Source material
════════

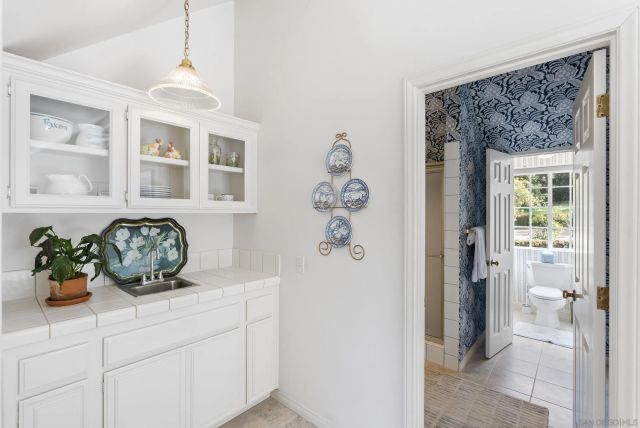 17307 Calle Mayor, Rancho Santa Fe, CA 92067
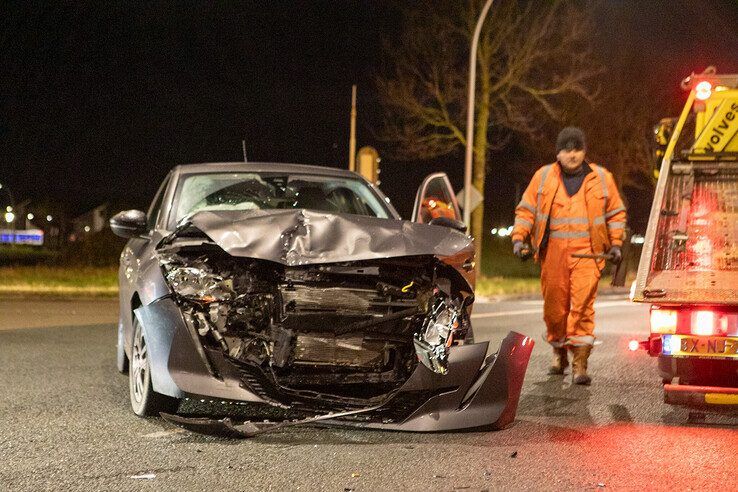 Gewonde bij botsing op Hasselterweg - Foto: Ruben Meinten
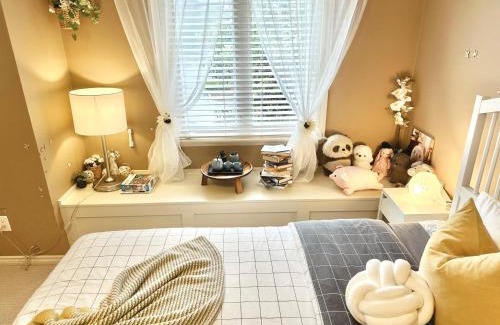 Willoughby House | Scorpion Hiuse Langley -Two rooms Family suite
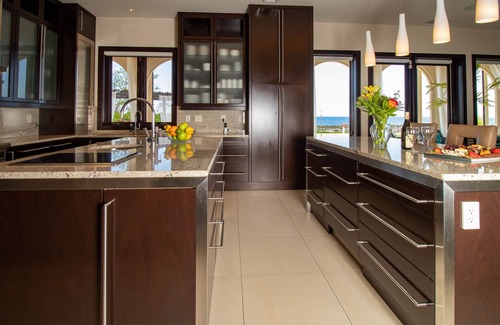 Savannah Villa | Oceans Edge SeaSide Estate is a stunning private villa right on the clifftop!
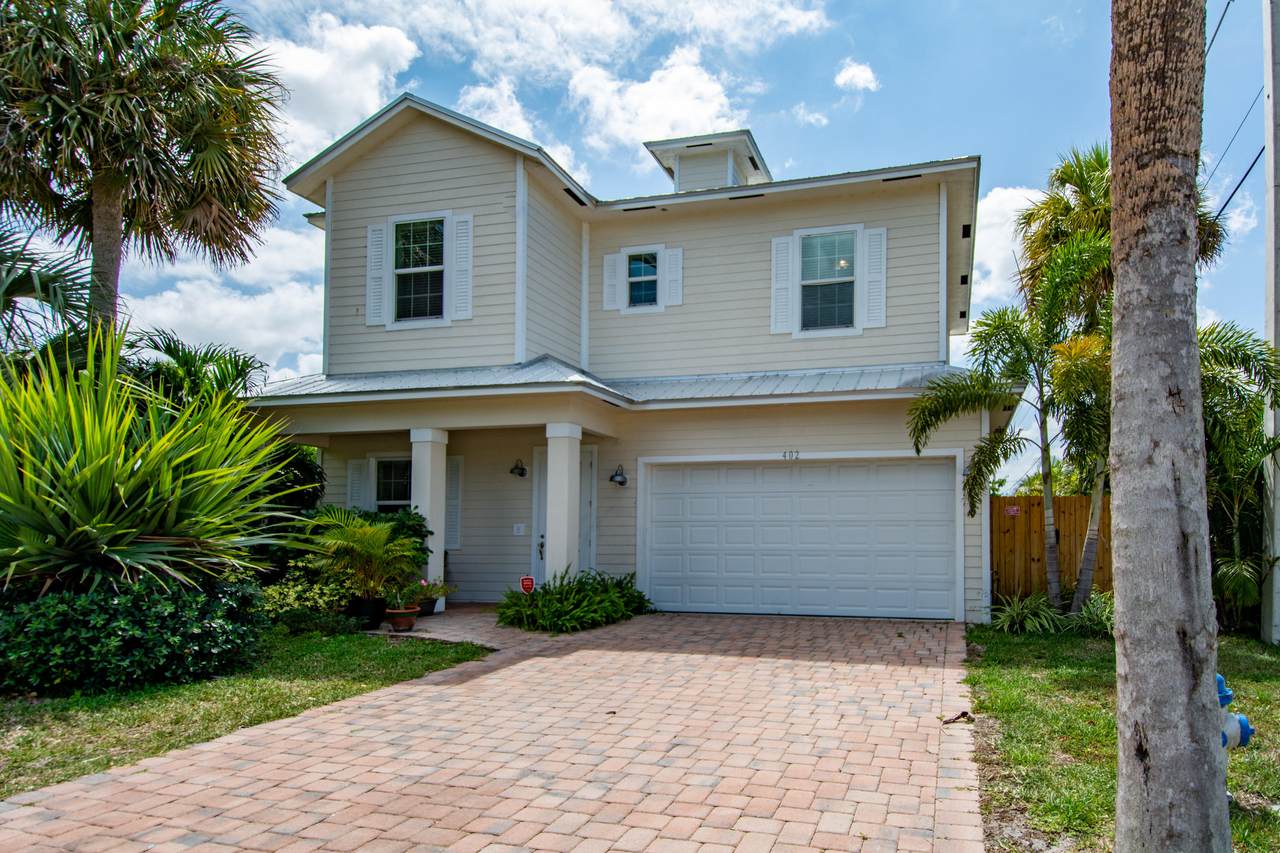 402 Hibiscus Avenue - Photo 1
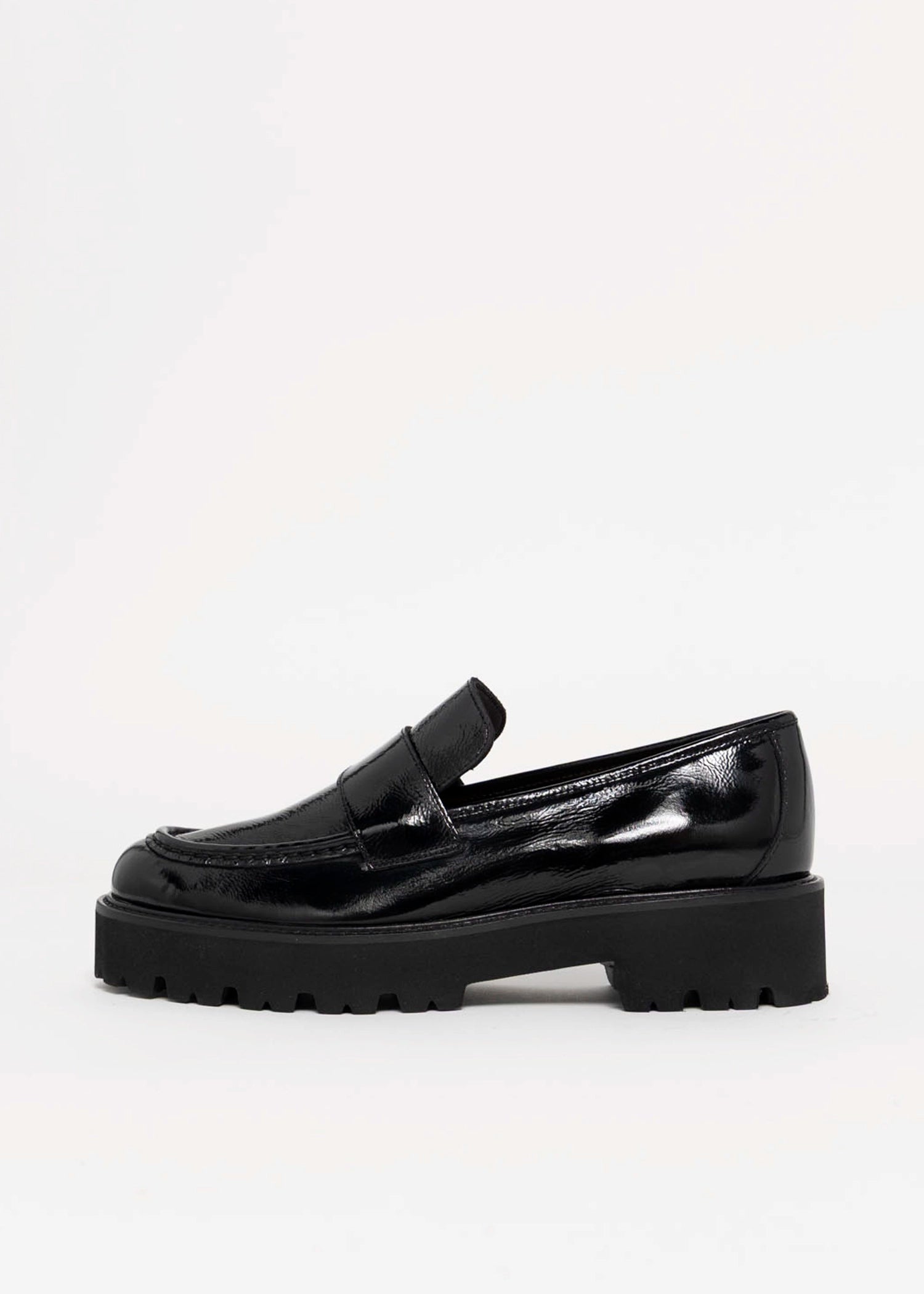 swatch_Black Patent l'idea lug sole loafer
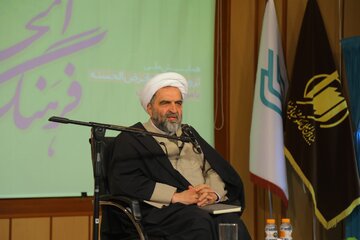 استاد حوزه علمیه: قرض الحسنه در اسلام جایگاه ویژه‌ای دارد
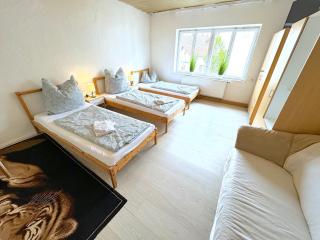 I Apartment 17 Personen - Monteurzimmer - Ferienwohnung, Großköllnbach - Pilsting - 6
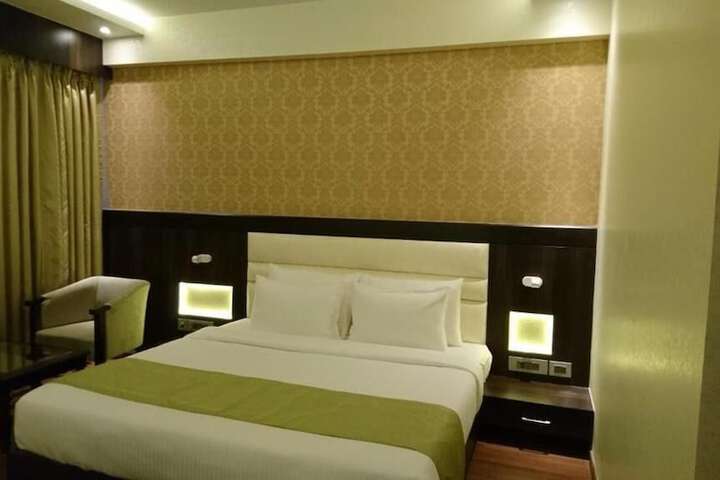 Room 7 of 28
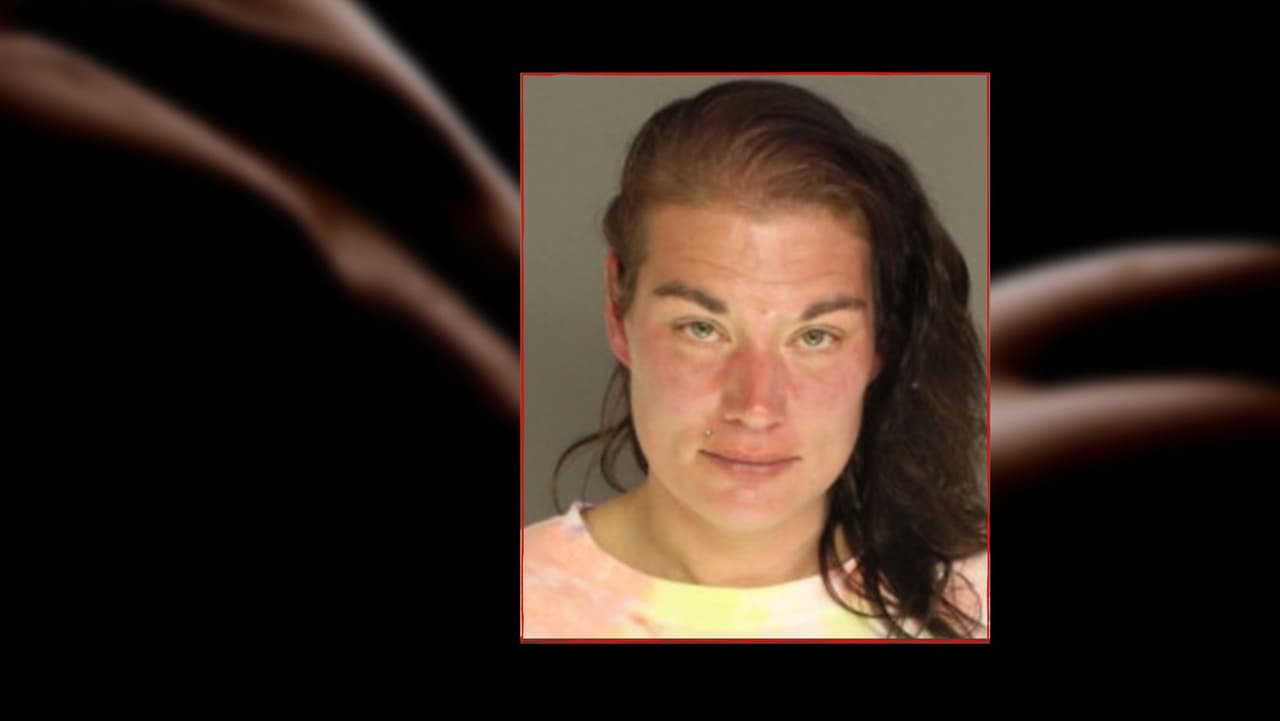 Se paseó desnuda por una gasolinera y ahora enfrenta cargos criminales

════════

To do
For each line above, output its wording exactly and leave out any picture.

Response below
 17307 Calle Mayor, Rancho Santa Fe, CA 92067
 Gewonde bij botsing op Hasselterweg - Foto: Ruben Meinten
 Willoughby House | Scorpion Hiuse Langley -Two rooms Family suite
 Savannah Villa | Oceans Edge SeaSide Estate is a stunning private villa right on the clifftop!
 402 Hibiscus Avenue - Photo 1
 swatch_Black Patent l'idea lug sole loafer
 استاد حوزه علمیه: قرض الحسنه در اسلام جایگاه ویژه‌ای دارد
 I Apartment 17 Personen - Monteurzimmer - Ferienwohnung, Großköllnbach - Pilsting - 6
 Room 7 of 28
 Se paseó desnuda por una gasolinera y ahora enfrenta cargos criminales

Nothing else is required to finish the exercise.